Çocukluk Deneyimleri: Küçük kraliçe veya kral, güleryüzlü, neşeli, hevesli, tasasız ve doğal çocuk. Duygularını açık ve doğrudan ifade eder. İlgiye ve hayranlığa ihtiyaç duyar, daima birinci olmak ister. Yaratıcı bir otorite ile büyütülmüş, başarılı olması bilinciyle yetiştirilmiştir. Kalabalık bir ailede ihtiyaçlarını duyurmakta zorlanmış ve kendini gösterebilmek için dikkat çekici davranışlar geliştirmeyi öğrenmiş olabilir. Kıyaslanmaktan nefret eder. Yenilgiyi kabul etmekte zorlanır. Ebeveynlerinden ayrılmakta zorluk çekmez.

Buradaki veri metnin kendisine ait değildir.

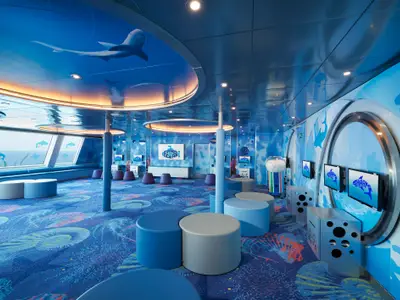 Ein lebhaft gestalteter Kinderbereich auf der Carnival Sunrise mit einem Unterwasser-Thema. Blaue Wände, Decke und Teppich zeigen Meeresmotive. Verschiedene Sitzgelegenheiten und interaktive Bildschirme sind zu sehen. Links befindet sich ein großes Fenster mit Blick auf das Meer.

Annesini Algılayış Biçimi: Muhteşem, son derece kendine güvenli, biraz da bencil anne.
Öğrenmesi Zor Dersler: Haklı eleştriyi hoşgörü ile karşılamak, tevazü. Kendi değeri konusunda objektif olmak zorundadır. Eleştirileri ve reddedilişi kimliği ve benliği ile özdeşleştirmemelidir. Her şeyin kendi bildiği gibi yapılmasında ısrar etmeden, istekliliği ve inatçılığı abartmadan kalbi ve kişiselliğinin işaret ettiği şekilde davranarak herkesin önemli olduğunun farkına varması gerekir. Gereksiz melodramatik eğilimler göstermeden ihtiyaçlarını ifade etmeyi öğrenmelidir. Kendinden beklenileni yapmak yerine kalbinin sesini dinlemeli, her konuda otorite sahibi olmaktan çok grubun çıkarları için birlikte -başkalarının duygularını hesaba katarak- karar almayı ve herkesin kazandığı durumlar yaratmayı öğrenmelidir. Asıl yapması gereken; kimliğini geliştirmek, duygularını büyütmek, içinden gelen güveni, ışığı, enerjiyi ve iradeyi çevresindekileri ısıtmak, sevecenliği aşılamak ve kollektif amaçlara doğru yüreklendirip organize etmek için kullanmaktır.
Temel Prensibi: Öngörü (basiretlilik) sonradan anlamaktan daha iyidir.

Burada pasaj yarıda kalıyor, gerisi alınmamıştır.